Marc George Silk, a longtime Life magazine photographer known for images that captured both the intimate drama of war and the raw dynamism of sport. An amateur photographer, he went to work in a camera shop at 16. When Silk tried to characterize his aesthetic sensibility “I left school when I was 14,” he said “I had no knowledge of the classics or how painters used light and things like that. Maybe it was already in me.” Silk was fascinated by motion and sought innovative ways to snare its rush in a still photograph.

George Silk, who worked for Life from 1943 until it ceased publication in 1972. Silk began his career as a combat photographer in World War II, along with Capa and Bourke-White. After the war, Silk became a specialist in outdoor sports photography, drawing on the passion for the outdoors acquired as a boy in New Zealand. He developed techniques that allowed him to snatch images from previously impossible vantage points — the surface of a ski, the end of a surfboard.

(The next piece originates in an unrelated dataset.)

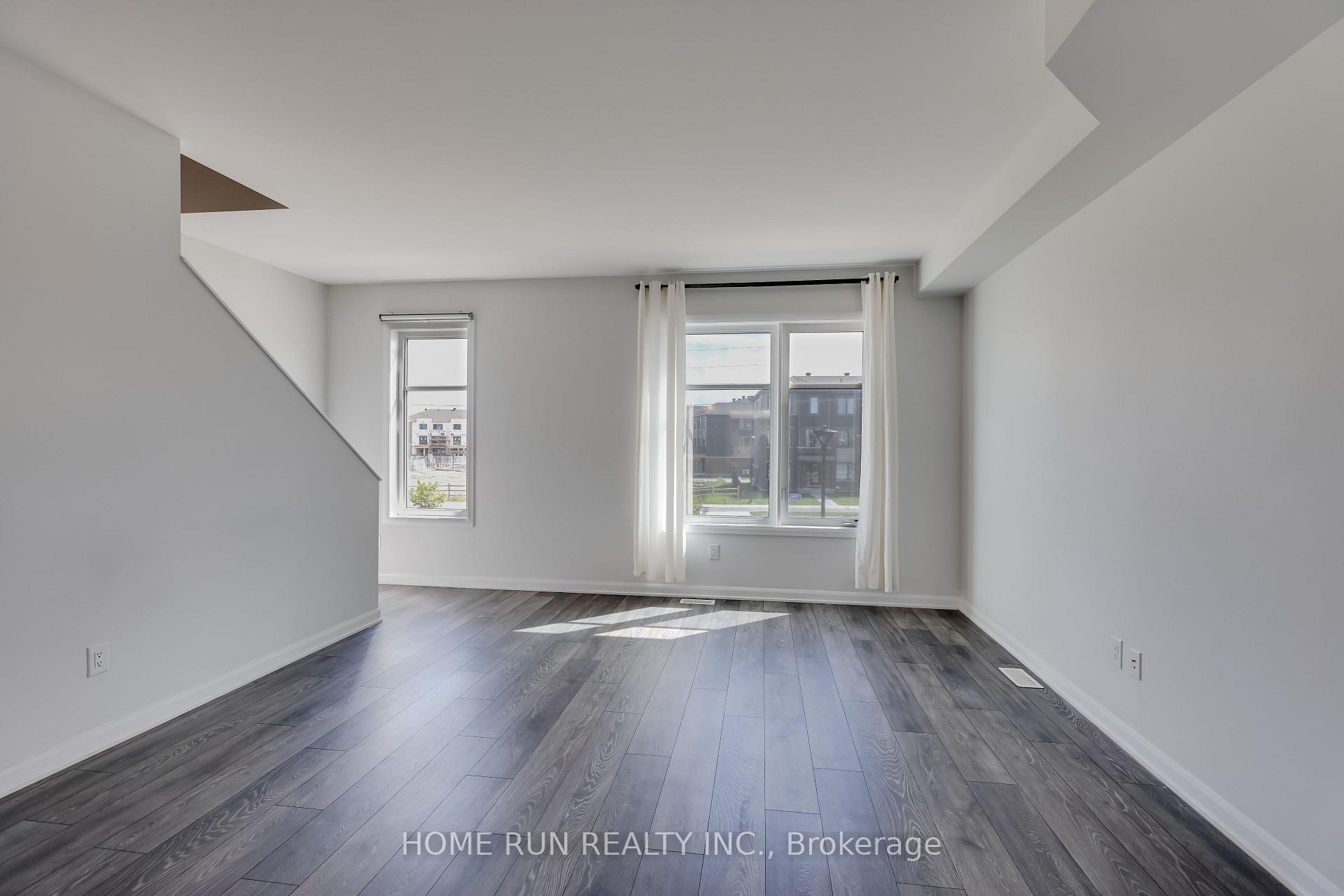 Photo 17 of 1123 Speedvale Crescent, Ottawa, Kanata - Kanata Lakes/Heritage Hills — HOMEH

It was his desire capture motion that caused him sometimes to separate himself from his camera, for example, hooking it up to a cable and placing it in a normally inaccessible spot, like the center of a football field just before kickoff. For other images, Mr. Silk adapted a racetrack’s photo-finish camera to catch the fluid blur of an athlete in motion. Motion, Mr. Silk found, lay in the distortion. Silk was named Magazine Photographer of the Year four times by the National Press Photographers Association (1961, 1963, 1964, 1965). His work is in museums across the globe.